Dans les années 2000, on a beaucoup parlé de scandales fonciers. Celle liée à des investissements à Mbane avait, par exemple, connu un grand retentissement. Aujourd’hui, malgré les déséquilibres constatés dans les modalités de concession à certains privés, cette commune est devenue une grande plateforme, où des opérateurs venus d’autres parties du monde réalisent une production agricole de qualité.
Les populations travaillent avec eux dans une harmonie parfaite et un développement économique local inspirant. A côté de l’agriculture familiale et vivrière, un tel modèle est à promouvoir, dans le respect strict des règles garantissant l’intérêt national et sans se soucier de la propagation de fake news et de faits alternatifs inhérents à l’époque.
Esquisse d’un futur harmonieux
Après avoir convoqué l’histoire, il nous faut ainsi esquisser le futur, faire une projection sur l’avenir de notre corniche et de notre littoral.

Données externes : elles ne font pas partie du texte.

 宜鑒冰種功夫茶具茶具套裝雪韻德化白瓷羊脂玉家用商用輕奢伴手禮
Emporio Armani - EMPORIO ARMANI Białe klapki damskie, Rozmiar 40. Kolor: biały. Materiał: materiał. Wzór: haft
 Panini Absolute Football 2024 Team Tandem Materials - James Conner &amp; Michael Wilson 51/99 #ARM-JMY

Ma conviction est que la prise en charge de cette question nécessite, après l’état des lieux physiques déjà effectué et la concertation ouverte avec les acteurs, l’adoption de mesures prioritaires que sont : la signature d’un décret déclarant d’utilité publique l’aménagement et la restructuration de la corniche, prescrivant les mesures de sauvegarde et autorisant l’élaboration d’un nouveau Plan d’Urbanisme de Détails, l’élaboration du Plan participatif d’aménagement et de développement durable de la corniche ouest, la mise en œuvre du projet d’aménagement et de restructuration de la corniche ouest.

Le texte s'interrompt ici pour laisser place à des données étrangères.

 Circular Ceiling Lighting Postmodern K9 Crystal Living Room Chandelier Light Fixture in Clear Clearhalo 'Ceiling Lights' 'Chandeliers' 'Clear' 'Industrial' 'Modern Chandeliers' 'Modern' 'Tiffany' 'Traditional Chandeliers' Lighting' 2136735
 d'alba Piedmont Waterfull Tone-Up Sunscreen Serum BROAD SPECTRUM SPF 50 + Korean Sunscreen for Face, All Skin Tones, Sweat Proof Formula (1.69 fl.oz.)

Ces mesures nécessaires rentrent dans une vision voulant que la corniche de Dakar et, de manière générale, nos 760 kilomètres de littoral soient préservés afin de confirmer le constat de l’architecte allemand Jochen Brandi qui, rapporte mon ami Moctar Bâ, président de la Plateforme pour l’Environnement et la Réappropriation du Littoral, ébloui par ses formes remarquables, estime que le potentiel de la corniche de Dakar va bien au-delà de Central Park à New York, du Bois de Boulogne à Paris ou des 3000 parcs pour les trois millions d’habitants de la ville de Vienne.
Renforcer l’action publique
Sans une action publique forte, sans détermination politique, il sera impossible d’exploiter efficacement ce potentiel. L’action de la société civile et des lanceurs d’alerte est utile. Cependant, entre les manipulations et, parfois, les tergiversations politiques, nous risquons de tuer l’action publique.
Si nous laissons la responsabilité de cette action à des lanceurs d’alerte souvent peu ou mal informés des tenants et aboutissants et en proie, de bonne foi, aux manipulations, nous la tuons. Les hommes politiques n’auront plus d’utilité puisque la dictature de l’opinion sans preuves et de l’émotion facile, leur fera fuir la responsabilité de rétablir les faits et de poser des actes pour le mieux-être de tous. Il s’agit là d’un défi générationnel.
Nous avons été élus pour mettre en œuvre des politiques publiques. Nous devons avoir le courage de dire aux populations la vérité, de les informer sur l’intérêt véritable de notre pays. L’Etat a le devoir d’être transparent, organisé, méthodique mais l’Etat ne doit pas manquer de volonté pour réaliser des projets utiles à l’en commun.
Ma vision est qu’il nous faut bâtir des villes où l’humanité fait sens, des villes qui se soucient de l’humain dans l’urbain. Cela passe par la valorisation de nos meilleurs atouts. Il nous faut planifier la ville en concevant les espaces publics et les usages comme lieux de créativité et d’inclusion, la construire dans une continuité de temps et d’espace, en agissant sur la forme urbaine et en anticipant sur les extensions urbaines, la définir comme un bien commun.